Karin Mairitsch: Zutiefst Mensch, den Menschenrechten, dem Wohl der nächsten Generationen und auch den Künsten verpflichtet.
Was verbinden Sie mit Zürich?
Zürich ist für mich Kindheit und Familiengeschichte. Die Hälfte meiner grossmütterlichen Familie ist nach Zürich ausgewandert. In der Kindheit war ich öfter hier, weswegen ich sehr früh mit dem Schweizerdeutschen in Kontakt kam und überhaupt keine Probleme hatte, es zu verstehen. Darüber hinaus verbinde ich mit Zürich Dada, Urbanität, Klarheit, Weltoffenheit, Vorwärtsstreben, Leistungsorientierung, reichhaltiges Kulturleben als Gegengewicht zum Finanzplatz.
Wie sind Sie zur Kunst gekommen – oder die Kunst zu Ihnen?
Die Kunst kam eher zu mir. Die ersten künstlerischen Begegnungen, an die ich mich erinnern kann, waren familiärer Natur: eine Grossmutter, die sehr viel las. Eine Mutter, der die Rechtschreibung, korrekte Grammatik und ein elaborierter sprachlicher Ausdruck sehr wichtig waren, sodass ich früh lernte, mich differenziert zu artikulieren. Schliesslich war es mein älterer, zeichnerisch begabter Bruder, der mich inspirierte, ab dem 12./13. Lebensjahr täglich mehrere Stunden zu zeichnen. Ich wollte den Menschen «einfangen» und übte mich in Porträtzeichnen.
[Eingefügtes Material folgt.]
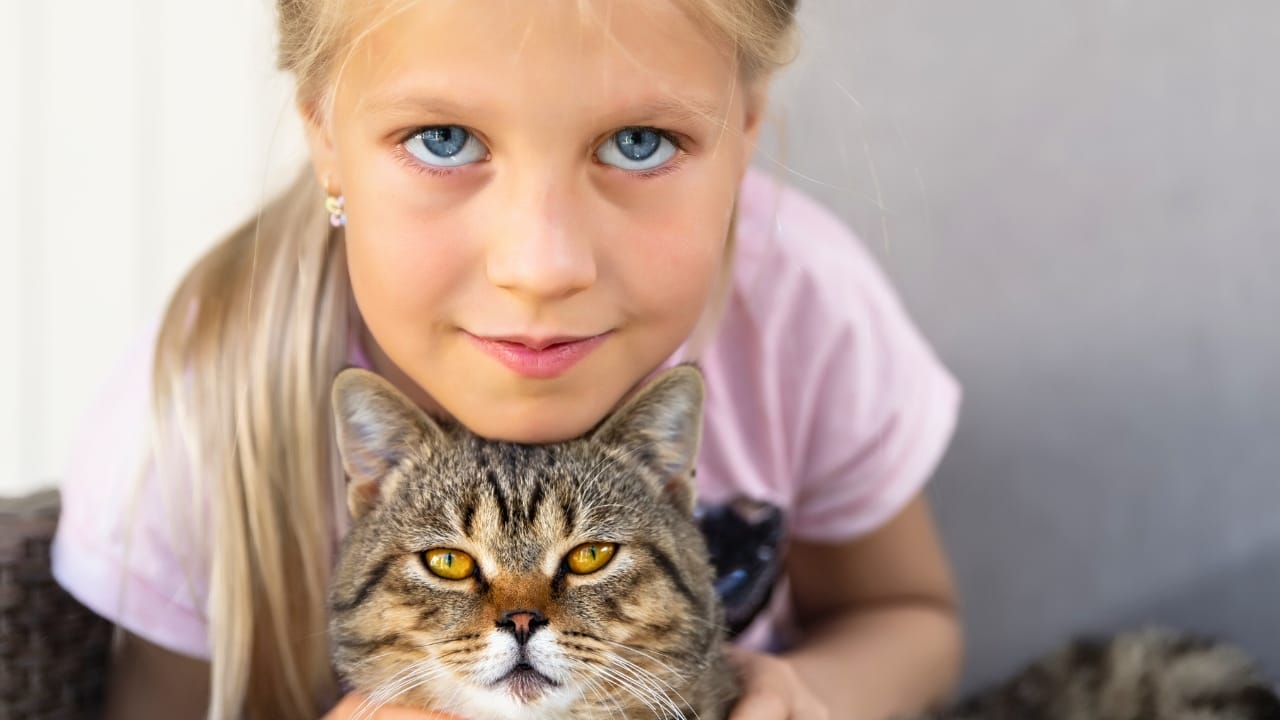 9 Telltale Signs Your Cat Has Your Back - cat gaurding girl dp441890894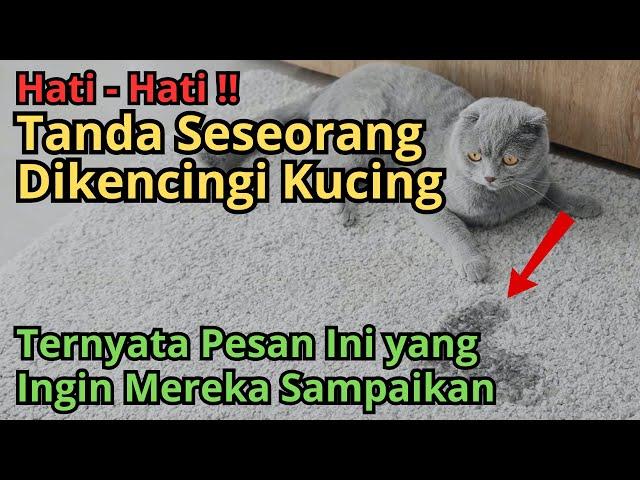 Jika Kamu Dikencingi Kucing, Artinya Ada Pesan Ini yang Ingin Mereka Sampaikan Kepadamu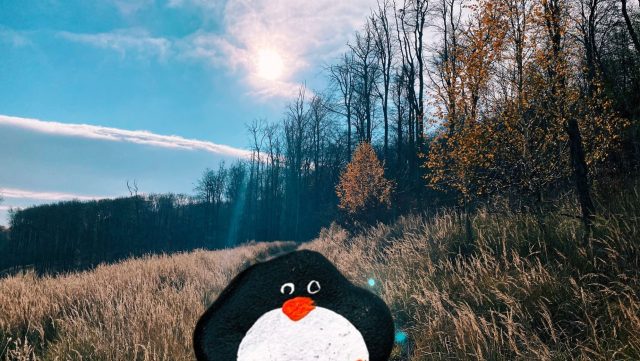 Hand-painted penguin stone #292 hidden at Somar, Little Carpathians, Slovakia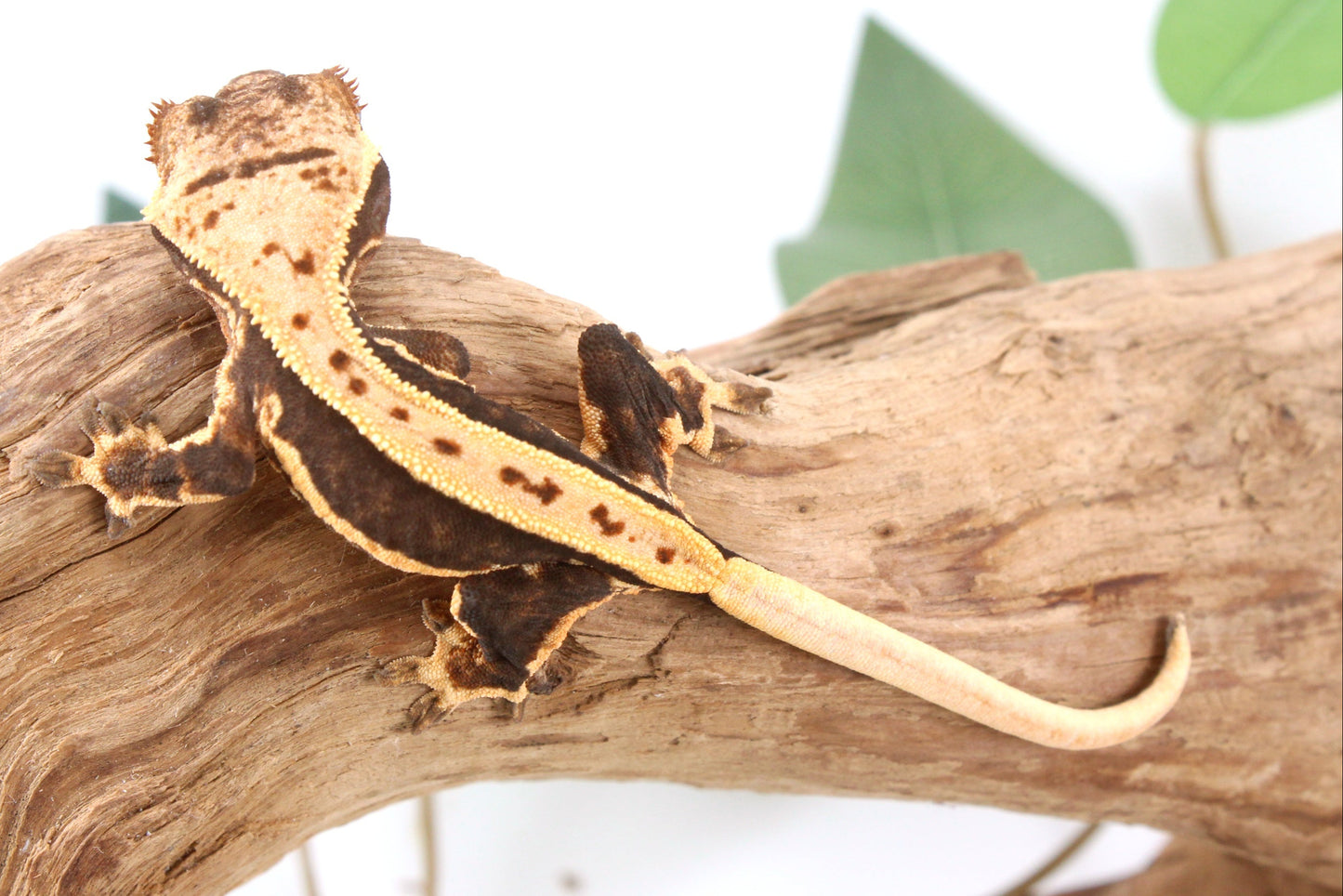 Chocolate Lily White Crested Gecko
Was ist, kann, soll Kunst?
Kunst verträgt keine pauschalen Antworten.
Ein Blick in die Zukunft – wie sehen Sie die ZHdK?
Führend als Hochschule der Künste im globalen Kontext. Mitgestaltend als Hochschule der Künste mit regionaler Verankerung. Relevant als Hochschule der Künste mit gesellschaftlicher Verantwortung. Experimentell als Hochschule der Künste mit visionärer Kraft. Vielfältig, interkulturell, intergenerationell, interdisziplinär, nachhaltig und frei als Hochschule der Künste von und für Menschen.
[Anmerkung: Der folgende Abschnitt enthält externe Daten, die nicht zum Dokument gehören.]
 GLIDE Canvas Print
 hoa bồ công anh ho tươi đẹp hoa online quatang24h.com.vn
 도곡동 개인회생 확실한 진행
Pauschale Antworten sind nicht ihr Ding, an der ZHdK will die designierte Rektorin Karin Mairitsch den Menschen darum erst einmal zuhören.
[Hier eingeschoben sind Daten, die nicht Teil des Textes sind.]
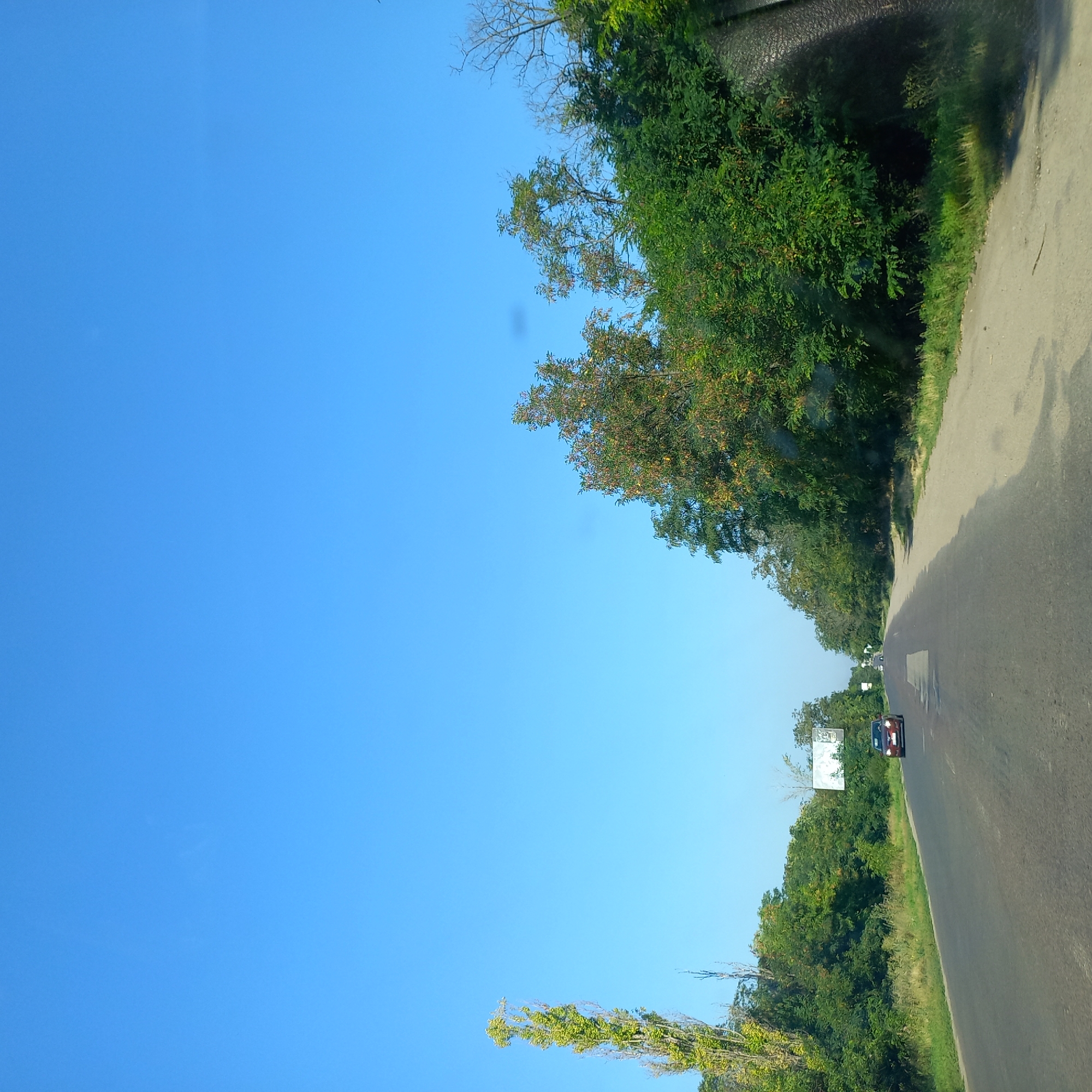 The image shows a road lined with trees on both sides under a clear blue sky. A single red car is driving on the road. There are billboards visible in the background. The environment appears to be rural or on the outskirts of a city. The scene is likely from Ukraine, possibly Kropyvnytskyi, given the general landscape.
Wie möchten Sie die ZHdK weiterentwickeln? Welche Projekte möchten Sie anstossen?
Ich möchte mir zunächst einen Überblick vor Ort verschaffen und den Menschen in dieser Institution erst einmal zuhören. Nach einer gewissen Zeit werde ich gemeinsam mit den Hochschulangehörigen formulieren können, welche Weiterentwicklungen mit welchen Projekten anstehen. Im Moment erscheint mir bedeutend, das Major-Minor-Modell weiter zu implementieren, den eingeschlagenen Weg Richtung Nachhaltigkeit, Vielfalt, Internationalisierung, Interdisziplinarität, Dissertationsmöglichkeiten, Verschränkung von Lehre, Weiterbildung und Forschung sowie die Auseinandersetzung mit der digitalen Transformation weiterzuverfolgen.
Welche gesellschaftliche Verantwortung trägt eine Kunsthochschule?
Die Künste verfügen über die Kraft der Imagination: Sie vermögen andere Sichtweisen, neue Perspektiven, überraschende Handlungsoptionen und unkonventionelle Wege aufzuzeigen sowie Sinn zu stiften. Die Kraft der Imagination verpflichtet. Hochschulen für Kunst und Design sind darum in der Verantwortung, Zukünfte in wirtschaftlicher, kultureller und gesellschaftlicher Hinsicht auf ihre Art und Weise mitzuprägen und dabei die Grundrechte des Menschen, die Pluralität an Werte- und Glaubenssystemen, den gesellschaftlichen Zusammenhalt und die demokratische Verfasstheit zu respektieren und zu vertreten. Da Hochschulen zudem Verantwortung für jene Menschen tragen, die sie ausbilden und beschäftigen, sind sie auch dazu verpflichtet, ihr Erneuerungspotenzial laufend auszuloten, um es in den Dienst der Menschen und ihrer Entwicklungs- und Entfaltungsmöglichkeiten zu stellen.
Wie verbinden Sie Ihre verschiedenen Perspektiven – Künstlerin, Forschende, Bildungs- und Kulturmanagerin, Lehrende – in Ihrem Berufsalltag?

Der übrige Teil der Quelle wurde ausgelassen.